Only the lines below from the one that contains "Stylecraft Malta Black Open Work Table Lamp" through the one that contains "Andrea pea coat" should appear in your answer, exact and without pictures.

[[ Given data, beginning ]]

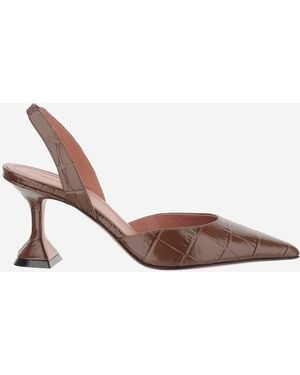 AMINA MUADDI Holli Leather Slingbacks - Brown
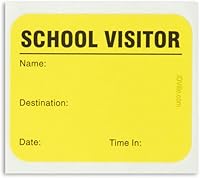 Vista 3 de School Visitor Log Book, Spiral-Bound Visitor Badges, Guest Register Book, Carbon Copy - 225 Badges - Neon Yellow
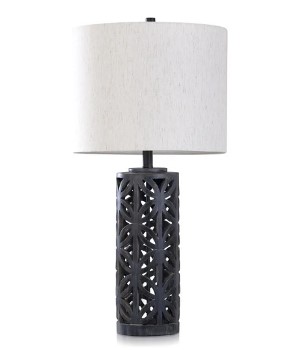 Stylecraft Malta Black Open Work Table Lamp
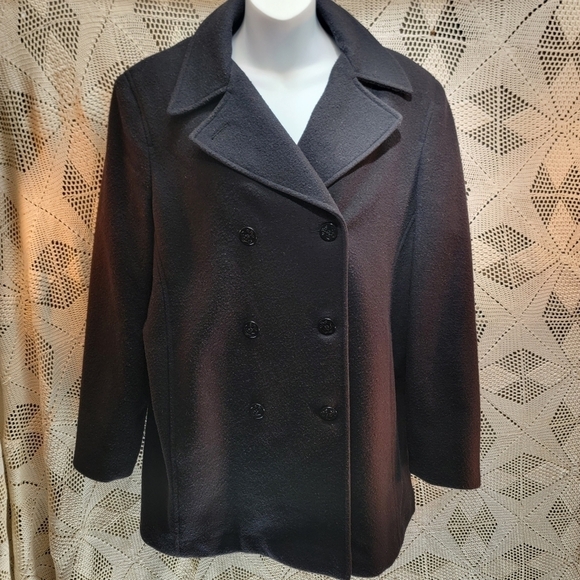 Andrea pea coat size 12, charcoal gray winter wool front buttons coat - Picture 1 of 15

[[ Given data, end ]]
[[ Given data, beginning ]]

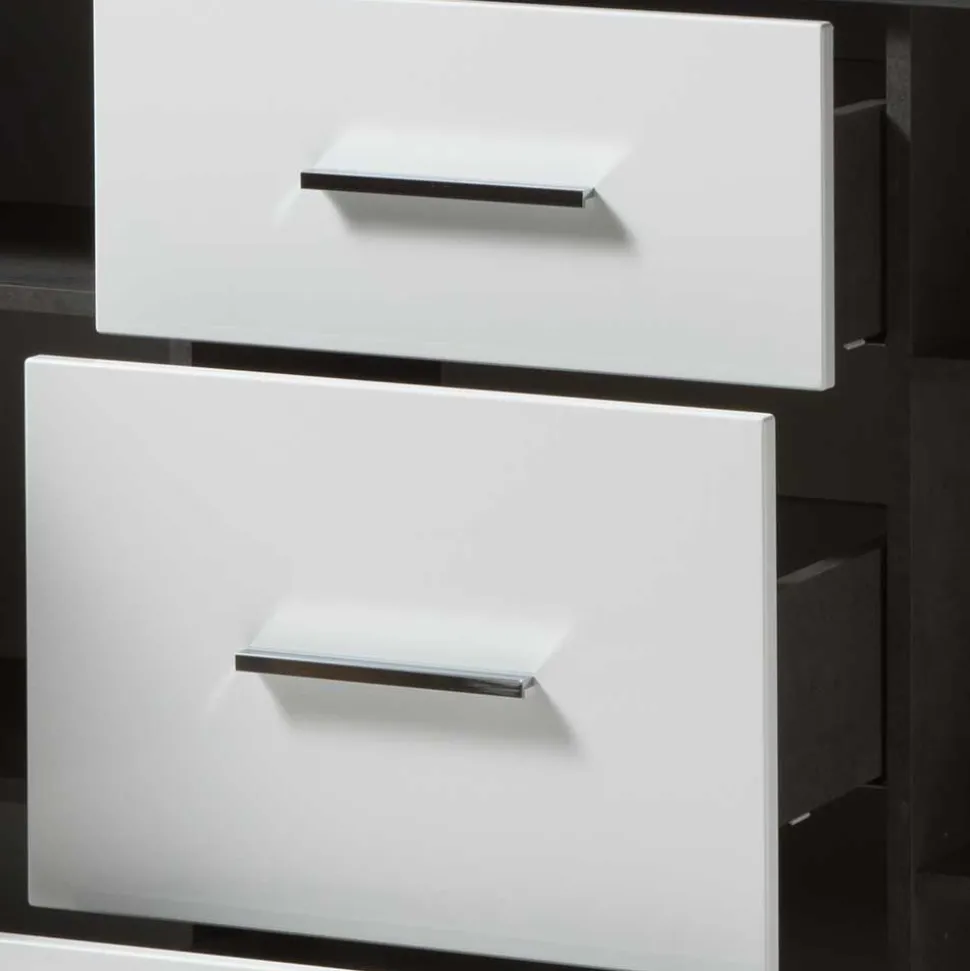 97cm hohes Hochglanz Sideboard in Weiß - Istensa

[[ Given data, end ]]

▸ **Exercise output**
 Stylecraft Malta Black Open Work Table Lamp
 Andrea pea coat size 12, charcoal gray winter wool front buttons coat - Picture 1 of 15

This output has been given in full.